Przezorność, oczywiście, nie zawadzi, ale świeżo nawróceni pesymiści się mylą – ani Grecja nie wyjdzie ze strefy euro, ani ta się nie rozpadnie.
Papierowe waluty upadały dotąd tylko, gdy posługujący się nimi obywatele tracili do nich zaufanie i porzucali krajowe aktywa finansowe na rzecz dewiz i dóbr fizycznych. Zaufanie do euro jako pieniądza cały czas jest jednak niepodważalne – nawet Grecy masowo akumulują właśnie kolorowe europejskie banknoty, nie ufając temu, czy?nowy rząd aby nie dobierze się do ich kont bankowych. Aż 78 proc. z nich opowiada się za utrzymaniem wspólnej waluty. Dlaczego zatem mówi się o opuszczeniu przez Grecję strefy euro?
Wydaje się, że ewentualny powrót do waluty narodowej jest ubocznym efektem dwóch procesów. Pierwszym jest odcięcie rządu greckiego od pożyczek z UE i MFW, co jest nieuchronne, jeśli nowo wybrany parlament nie zgodzi się na wprowadzenie obiecanych 11?mld euro oszczędności. Drugim jest wspomniany proces zamieniania depozytów bankowych na gotówkę, czyli postępujący run na greckie banki. Normalnie nawet masowa zamiana lokat na banknoty nie jest dla systemu bankowego bardzo groźna. Przeżywającym oblężenie bankom pożycza bowiem bank centralny. Warunek jest tylko jeden – bank dotknięty runem musi być wypłacalny; jego zobowiązania muszą być mniejsze niż wartość aktywów. Spełnienie tego wymagania jest względnie łatwe – gdy bowiem w systemie pojawiają się banki będące bankrutami, do akcji wkracza rząd i je dokapitalizowuje, uzupełniając brakującą różnicę między zobowiązaniami a aktywami.

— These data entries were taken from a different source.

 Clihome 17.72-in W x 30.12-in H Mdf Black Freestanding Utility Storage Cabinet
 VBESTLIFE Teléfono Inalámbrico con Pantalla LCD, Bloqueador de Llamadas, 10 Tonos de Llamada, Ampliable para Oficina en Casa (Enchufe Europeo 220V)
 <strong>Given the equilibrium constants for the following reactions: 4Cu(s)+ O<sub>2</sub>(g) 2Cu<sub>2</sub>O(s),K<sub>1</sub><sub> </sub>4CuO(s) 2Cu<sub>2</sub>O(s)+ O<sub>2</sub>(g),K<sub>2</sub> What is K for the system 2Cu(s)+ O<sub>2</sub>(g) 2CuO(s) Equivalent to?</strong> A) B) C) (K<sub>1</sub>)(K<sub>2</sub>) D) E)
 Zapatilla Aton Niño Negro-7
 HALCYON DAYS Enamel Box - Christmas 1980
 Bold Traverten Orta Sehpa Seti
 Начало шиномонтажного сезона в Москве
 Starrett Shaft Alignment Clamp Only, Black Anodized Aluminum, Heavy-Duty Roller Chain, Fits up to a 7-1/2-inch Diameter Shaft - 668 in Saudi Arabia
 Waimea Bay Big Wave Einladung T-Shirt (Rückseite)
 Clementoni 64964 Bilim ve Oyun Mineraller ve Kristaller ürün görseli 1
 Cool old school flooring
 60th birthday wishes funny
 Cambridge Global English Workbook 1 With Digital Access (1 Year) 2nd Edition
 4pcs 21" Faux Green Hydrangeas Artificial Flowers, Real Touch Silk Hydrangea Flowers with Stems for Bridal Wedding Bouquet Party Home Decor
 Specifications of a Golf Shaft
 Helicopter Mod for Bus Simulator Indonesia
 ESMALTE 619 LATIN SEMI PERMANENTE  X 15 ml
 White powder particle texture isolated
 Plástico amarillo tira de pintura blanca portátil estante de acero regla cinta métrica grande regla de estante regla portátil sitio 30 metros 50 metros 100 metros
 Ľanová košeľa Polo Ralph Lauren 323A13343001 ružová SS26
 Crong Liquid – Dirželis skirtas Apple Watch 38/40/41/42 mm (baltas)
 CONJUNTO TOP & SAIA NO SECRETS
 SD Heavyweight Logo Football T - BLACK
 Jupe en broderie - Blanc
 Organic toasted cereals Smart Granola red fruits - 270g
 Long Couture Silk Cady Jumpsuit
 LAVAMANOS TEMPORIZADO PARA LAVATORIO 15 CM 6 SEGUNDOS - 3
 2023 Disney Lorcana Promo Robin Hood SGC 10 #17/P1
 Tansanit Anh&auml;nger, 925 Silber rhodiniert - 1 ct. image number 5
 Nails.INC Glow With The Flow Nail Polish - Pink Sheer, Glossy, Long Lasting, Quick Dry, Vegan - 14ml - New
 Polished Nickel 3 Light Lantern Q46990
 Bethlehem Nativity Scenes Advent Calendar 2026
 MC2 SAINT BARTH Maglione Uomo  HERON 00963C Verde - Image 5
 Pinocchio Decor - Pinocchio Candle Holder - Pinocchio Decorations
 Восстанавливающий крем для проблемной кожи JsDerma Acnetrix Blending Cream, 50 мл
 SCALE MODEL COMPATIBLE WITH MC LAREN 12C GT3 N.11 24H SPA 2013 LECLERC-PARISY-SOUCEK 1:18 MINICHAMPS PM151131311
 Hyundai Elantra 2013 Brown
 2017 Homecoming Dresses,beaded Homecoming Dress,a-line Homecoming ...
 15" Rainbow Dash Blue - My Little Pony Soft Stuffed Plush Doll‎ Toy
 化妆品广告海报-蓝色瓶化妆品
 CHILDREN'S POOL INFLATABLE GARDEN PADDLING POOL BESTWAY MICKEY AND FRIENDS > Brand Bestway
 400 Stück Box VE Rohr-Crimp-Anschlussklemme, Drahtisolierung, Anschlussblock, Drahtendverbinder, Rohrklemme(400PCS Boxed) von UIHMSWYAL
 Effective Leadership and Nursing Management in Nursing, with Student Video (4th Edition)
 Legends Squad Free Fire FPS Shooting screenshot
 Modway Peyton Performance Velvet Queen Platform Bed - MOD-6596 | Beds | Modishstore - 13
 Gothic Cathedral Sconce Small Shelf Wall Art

W tym momencie dochodzimy do sedna problemu: rządu greckiego nie stać na znacjonalizowanie swoich banków i jeśli nie dostanie na to finansowania z zewnątrz, EBC odetnie niewypłacalne instytucje finansowe od gotówki. W praktyce oznaczałoby to utratę płynności przez prawie wszystkie greckie banki, gdyż co najmniej od wymuszonego w marcu układu z wierzycielami są one niewypłacalne. Czy z tej sytuacji jest wyjście inne niż przymusowa zamiana aktywów i zobowiązań z euro na drachmy, a więc wyjście ze wspólnego obszaru walutowego?
Moim zdaniem jedyny sposób to jak najszybsze dokapitalizowanie greckich banków środkami Europejskiego Mechanizmu Stabilności Finansowej, czyli de facto nacjonalizacja ich przez Komisję Europejską (lub inne stosowne ciało unijne). Choć zawiadywanie sektorem bankowym przez ponadnarodowe ciało nie ma precedensu, w obliczu powtórnie niekorzystnego wyniku wyborów możemy być świadkami wprowadzenia w życie takiego nietypowego pomysłu. Rząd grecki, nawet skrajnie lewicowy, sprzyjałby temu rozwiązaniu ze względu na gwarancję stabilności systemu finansowego, która szłaby z nim w parze. Przywrócenie zaufania do banków i umożliwienie im kredytowania gospodarki jest przecież niezbędnym elementem jakiegokolwiek sensownego programu gospodarczego. Z kolei przywódcy UE mogliby względnie tanio (za około 50 miliardów euro) kupić zaufanie do greckich, a pośrednio także hiszpańskich i włoskich banków. Oddzielenie kwestii wspólnej waluty od problemów finansów publicznych leży więc w interesie wszystkich. To powinno wystarczyć, by zawrzeć rozsądny kompromis.